Make the order of access log information configurable

Motivation

It is common to have different information in the access log based on the organization. Therefore, current limitations in access log, hinders the usability of Ballerina.

Description

At the moment one can enable access log using the below configuration for a given HTTP service.

[ballerina.http.accessLogConfig]
# Enable printing access logs on the Console. The default value is `false`.
console = true
# Specify the file path to save the access logs. This is optional.  
path = "testAccessLog.txt"

These configurations need to be in the config.toml and the resulting output looks as follows.

127.0.0.1 - - [15/Dec/2022:11:39:42 +0530] "GET /albums HTTP/1.1" 200 95 "-" "curl/7.79.1"

The above output is fixed and the user has no control over it. First thing that is needed to make it configurable is to list down the type information. Following is the key and description of each information that can be printed with the new proposal.

Name	Description
remote_ip	IP of the remote address
verb	HTTP verb of the request
path	Path of the request
schema_and_version	Schema of the request and HTTP version
status_code	HTTP status code
response_size	Size of the response body
request_size	Size of the request body
response_time	Time to took send the response
agent	Name of the agent who sent the request
upstream_ip	IP of the upstream server
upstream_response_time	Upstream server response time

Please note that time and the date of log is not configurable. Then to make this information configurable, a new key is introduced to the config.toml configuration as attributes.
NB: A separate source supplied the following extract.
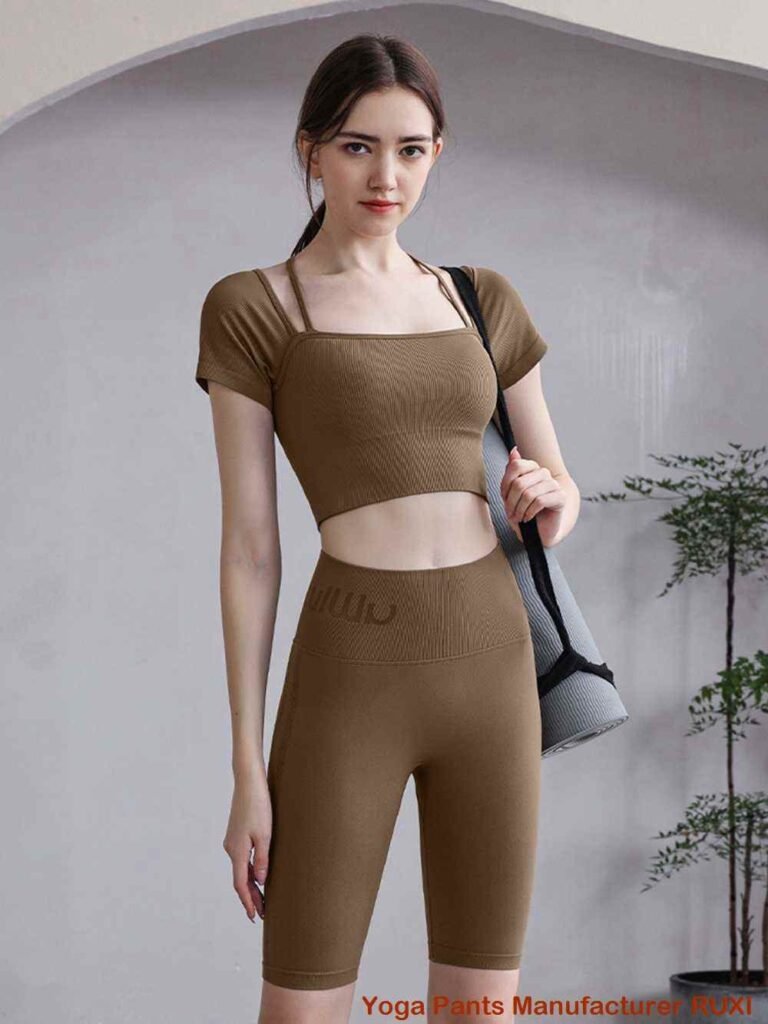shorts yoga meadhan-àrdachadh RUXI al3424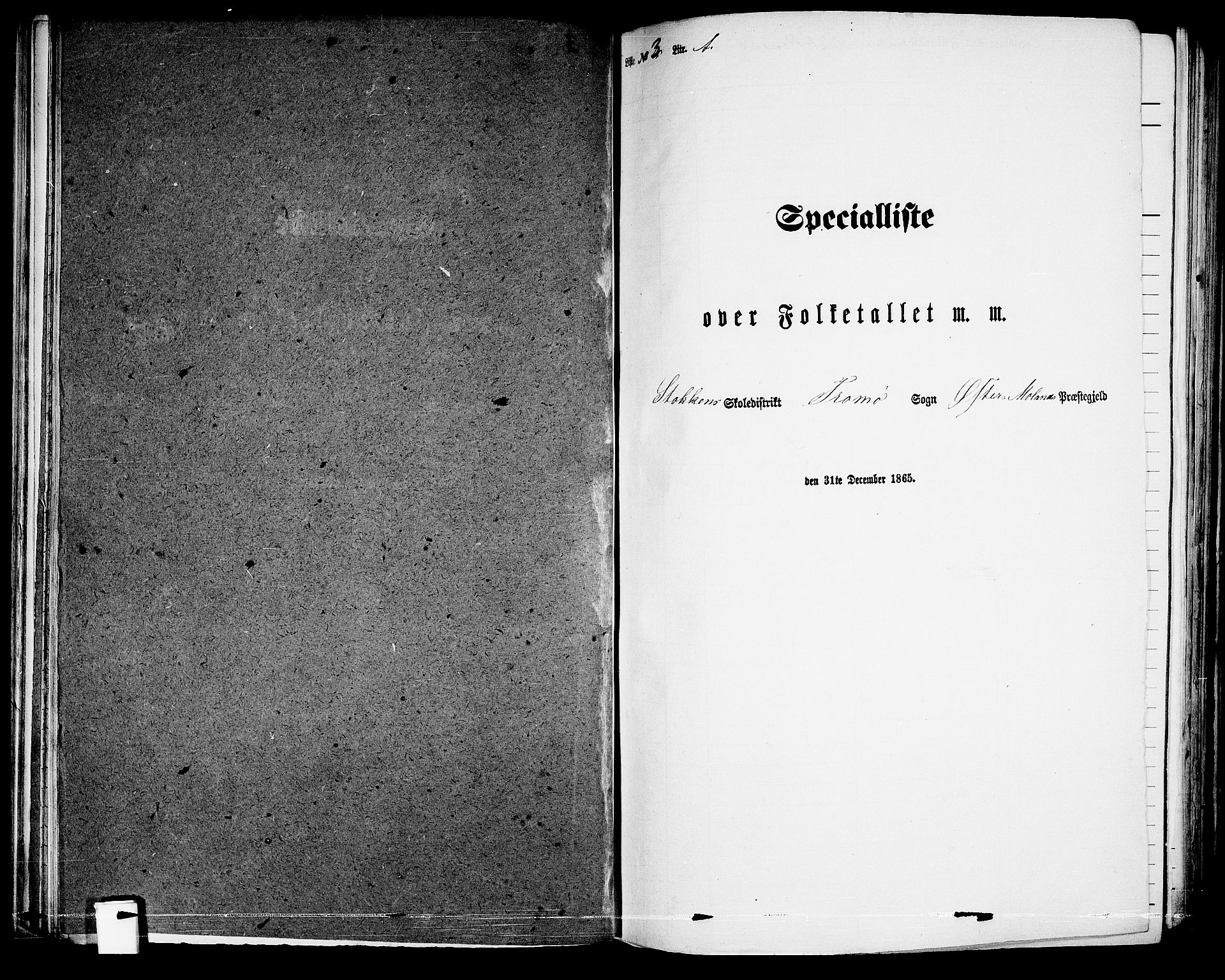 RA, 1865 census for Austre Moland, 1865, p. 116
[ballerina.http.accessLogConfig]
# The list of attributes to be printed
attributes = remote_ip, verb, path, schema_and_version, status_code, response_size, agent

One can configure the list of attributes as needed. The above is the default list. Finally, to change the format of access log entry another new configuration is introduced as format. The two formats are flat and json.

[ballerina.http.accessLogConfig]
# The list of attributes to be printed
format = flat

The default value of the format key is flat, which is concise and has least impact on the performance. This can be changed by setting the value to json, which results in the same information in json format.

{
  "remote_ip": "127.0.0.1",
  "verb": "GET",
  "path": "/albums",
  "schema_and_version": "HTTP/1.1",
  "status_code": 200,
  "response_size": 95,
  "agent": "curl/7.79.1",
  "time_stamp": "[15/Dec/2022:11:39:42 +0530]"
}

Feb 28 '24 11:02 shafreenAnfar

Hi Shafreen,

Thank you for the proposal. Let me add a few questions that I need to clarify.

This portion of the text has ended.